Vistos con los ojos de ahora, y con toda el agua que él mismo ha visto pasar, lo de Rueda en enero de 2018 parece casi una ingenuidad. De hecho, hay algo en el técnico colombiano que no termina de cerrar. Algo en su discurso público, algo en su tono emocional. ¿Tiene el control de la Roja o no?
El último episodio no hizo más que acrecentar las sospechas: la negativa a jugar en Lima, acordada por el equipo cuando ya estaban todos en Santiago, listos, creía Rueda, para entrenar, dejó en claro quién manda acá. Se podrá esgrimir que la situación política del país exculpa al colombiano en esta vuelta, puede ser, pero el problema de base sigue ahí, acechando.
Rueda tampoco colaboró mucho al lanzar la idea de que se podía marchar de la Roja: no era el mejor momento para decirlo, aunque lo creyera genuinamente y las razones tuvieran que ver con los dirigentes y no con los jugadores. No era el momento, porque en el torrente informativo que vivimos desde el 18 de octubre los contextos suelen difuminarse y quedan solo las cuñas: “Si yo vengo a trabajar en el fútbol y no hay fútbol, me tengo que ir. Esta es una situación atípica. La gran pregunta es cuándo se va a normalizar”. Si había que apelar al corazón de los hinchas en un momento así de delicado, la elección discursiva y emocional de Rueda falló clamorosamente.
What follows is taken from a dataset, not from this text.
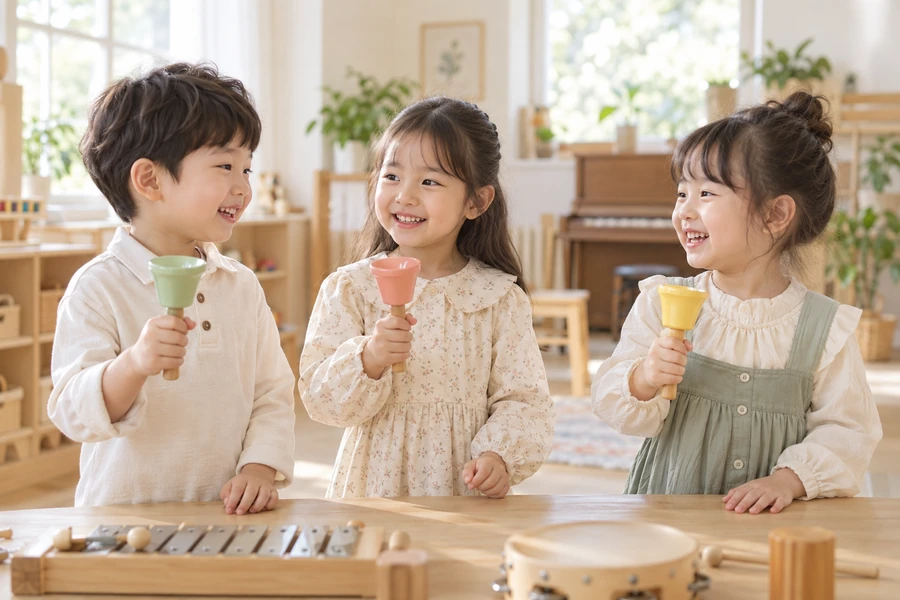 친구들과 파스텔 핸드벨을 함께 연주하는 아이들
“¿Se quiere ir? Que se vaya” fue la reacción tipo de los fanáticos, que tampoco han disfrutado de una Roja particularmente lustrosa desde que él está a cargo.Y aunque nadie puede dudar de las credenciales del colombiano —su currículum, el cuarto lugar en la Copa América y unas eliminatorias todavía intactas siguen avalándolo—, ni tampoco del éxito en la solución blanda y de largo plazo que encontró para el “caso Bravo”, es un hecho que, para agarrar bien las riendas de este caballo chúcaro que es la selección, le hace falta, mucha falta, alguien como Bonini y su vozarrón. ¿Hay de dónde sacarlo?